A picture should never appear in your copy. Transcribe the listing exactly from its first line through the line with "5 grijze barkrukken, Maison", both ends included.

Dataset excerpt Start Marker

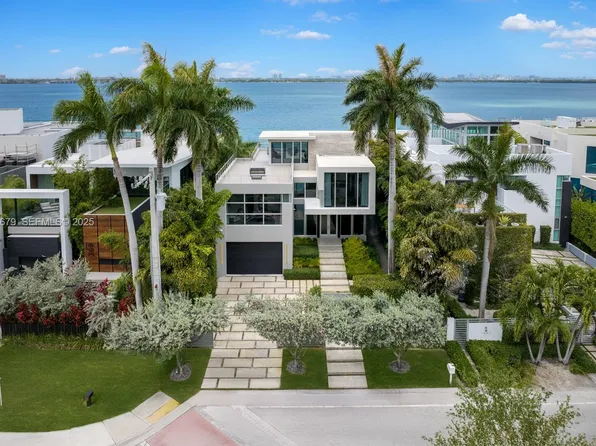 1379 N Venetian Way, Miami Beach, FL 33139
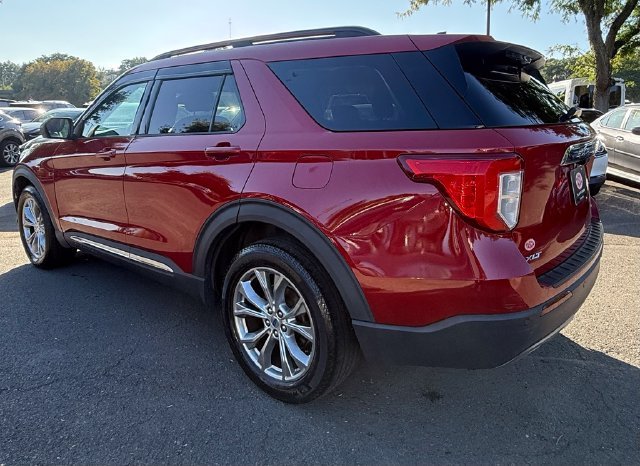 Used 2022 Rapid Red Metallic Tinted Clearcoat Ford XLT image 9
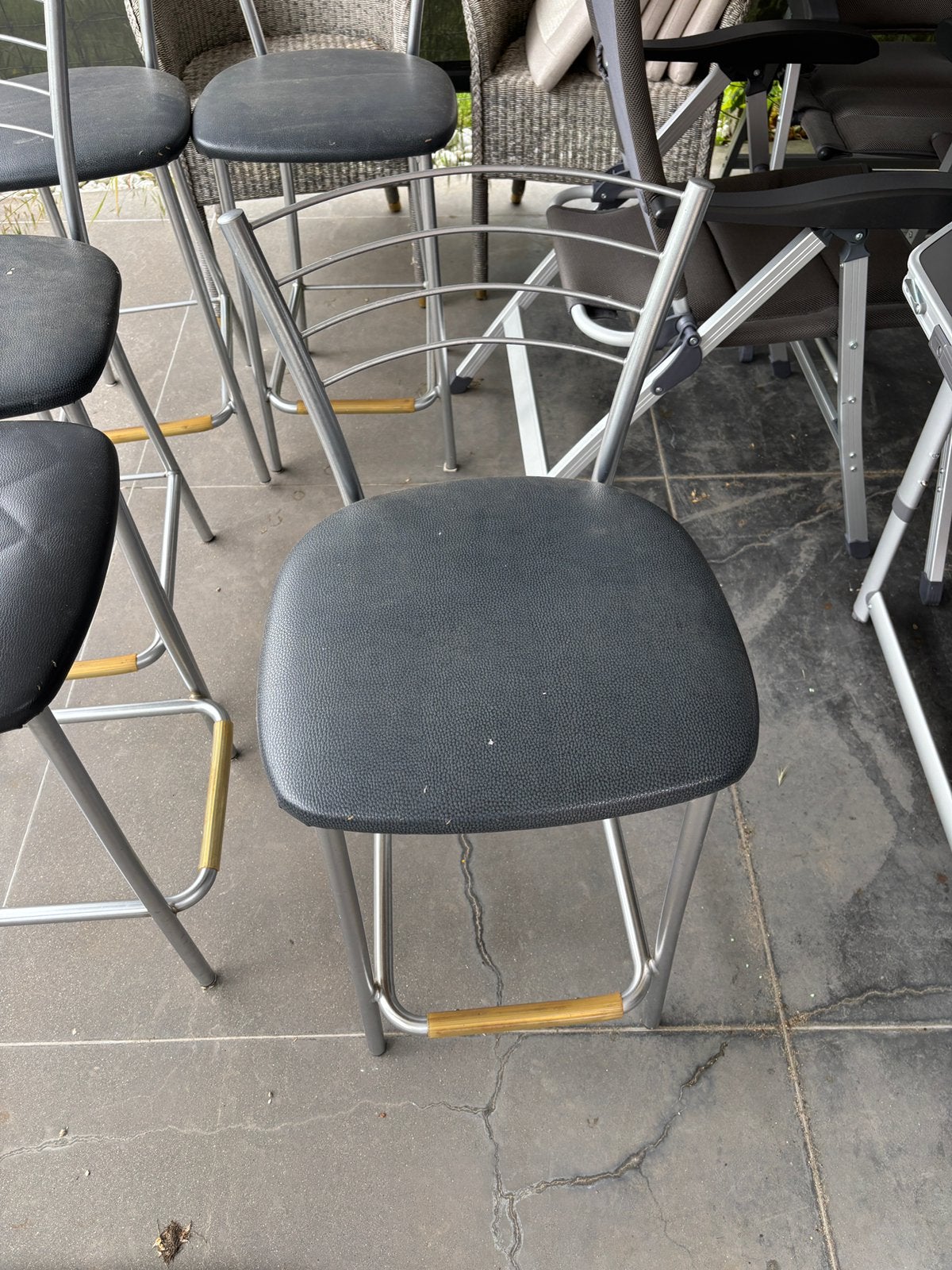 5 grijze barkrukken, Maison & Meubles, Tabourets de bar, 5 tabourets ou plus, Enlèvement, Utilisé, 60 à 90 cm
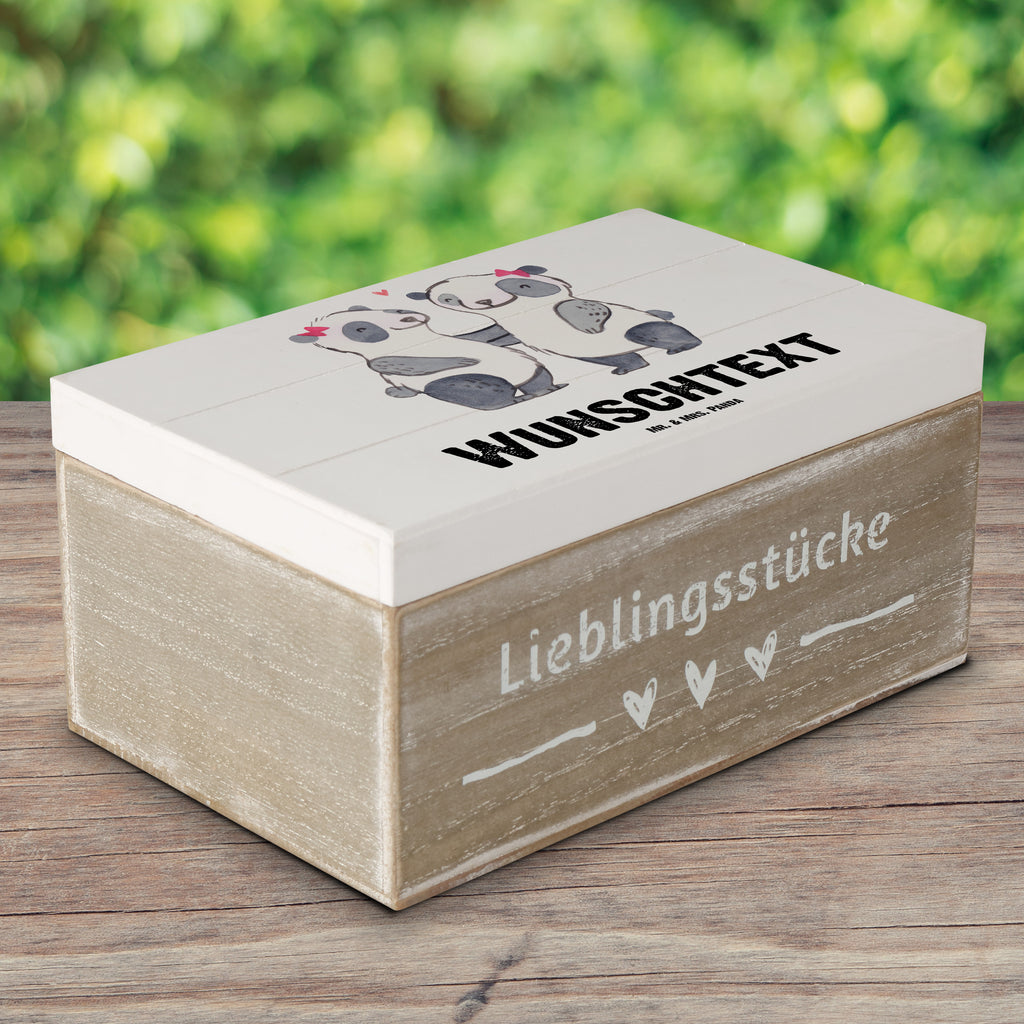 Personalisierte Holzkiste Panda Beste Halbtante der Welt Holzkiste mit Namen, Kiste mit Namen, Schatzkiste mit Namen, Truhe mit Namen, Schatulle mit Namen, Erinnerungsbox mit Namen, Erinnerungskiste, mit Namen, Dekokiste mit Namen, Aufbewahrungsbox mit Namen, Holzkiste Personalisiert, Kiste Personalisiert, Schatzkiste Personalisiert, Truhe Personalisiert, Schatulle Personalisiert, Erinnerungsbox Personalisiert, Erinnerungskiste Personalisiert, Dekokiste Personalisiert, Aufbewahrungsbox Personalisiert, Geschenkbox personalisiert, GEschenkdose personalisiert, für, Dankeschön, Geschenk, Schenken, Geburtstag, Geburtstagsgeschenk, Geschenkidee, Danke, Bedanken, Mitbringsel, Freude machen, Geschenktipp, Halbtante, Tante, beste Tante, Stieftante, Stief, Stiefgeschwister, Familie, Kleinigkeit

Dataset excerpt End Marker

**Task answer**
 1379 N Venetian Way, Miami Beach, FL 33139
 Used 2022 Rapid Red Metallic Tinted Clearcoat Ford XLT image 9
 5 grijze barkrukken, Maison & Meubles, Tabourets de bar, 5 tabourets ou plus, Enlèvement, Utilisé, 60 à 90 cm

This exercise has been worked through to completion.